Home Health Services See details

DEVOTED GIVEBACK 013 FL (HMO) covers home health services with no copay and no coinsurance, although prior authorization is required. This benefit allows eligible members to receive necessary medical care in the comfort of their home at no cost.

Cardiac Rehabilitation Services See details

DEVOTED GIVEBACK 013 FL (HMO) features no coinsurance and requires prior authorization for cardiac rehabilitation, indicating some services are covered. However, standard cardiac, intensive cardiac, pulmonary, and SET for PAD rehabilitation services are not covered in practice.

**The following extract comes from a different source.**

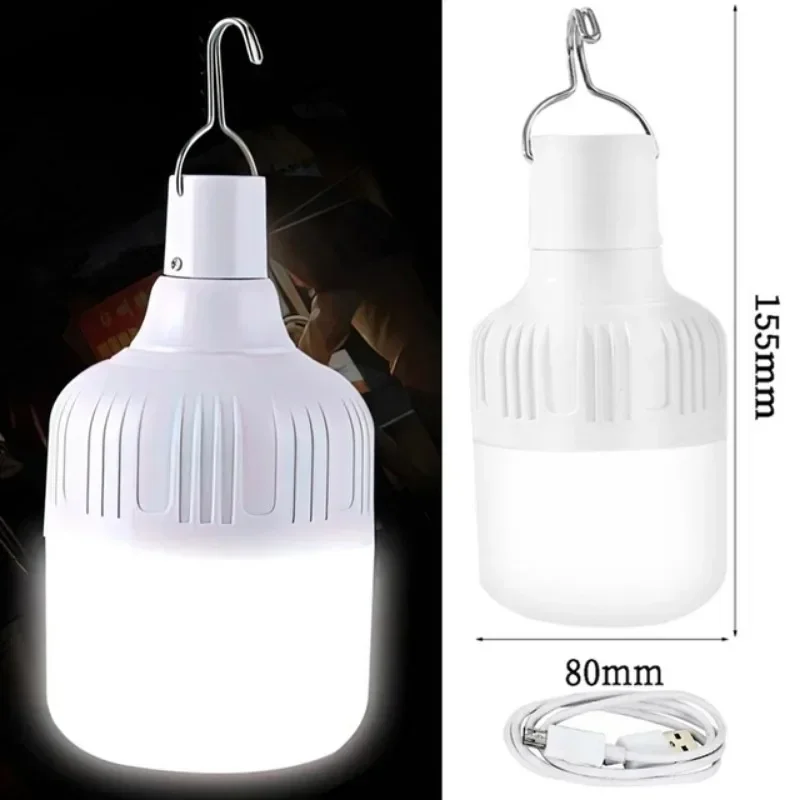 Portable Emergency Lights USB Rechargeable LED Lantern with Hook Outdoor Camping Fishing Light Adjustable Tent Lamp Light Bulbs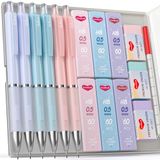 Smallbudi 6 adet pastel mekanik kurşun kalem seti kılıf ile 0.5mm kalemler 6 tüplü HB kurşun yedekler, 3 silgi, 9 kap silgi yedekler sevimli ve estetik malzemeleri öğrenci yazma, çizim, eskiz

Skilled Nursing Facility (SNF) See details

DEVOTED GIVEBACK 013 FL (HMO) covers Skilled Nursing Facility (SNF) care with no coinsurance, featuring no copay for days 1 to 20 and a $218 daily copay for days 21 to 100. Prior authorization is required, and while a prior 3-day inpatient hospital stay is not required, additional days beyond the standard Medicare-covered limit are not covered.

Other Services See details

Other services are partially covered by DEVOTED GIVEBACK 013 FL (HMO), offering additional preventive services and over-the-counter items with no copay and no coinsurance. Over-the-counter items are covered up to $100 every three months, while acupuncture and meal benefits are not covered.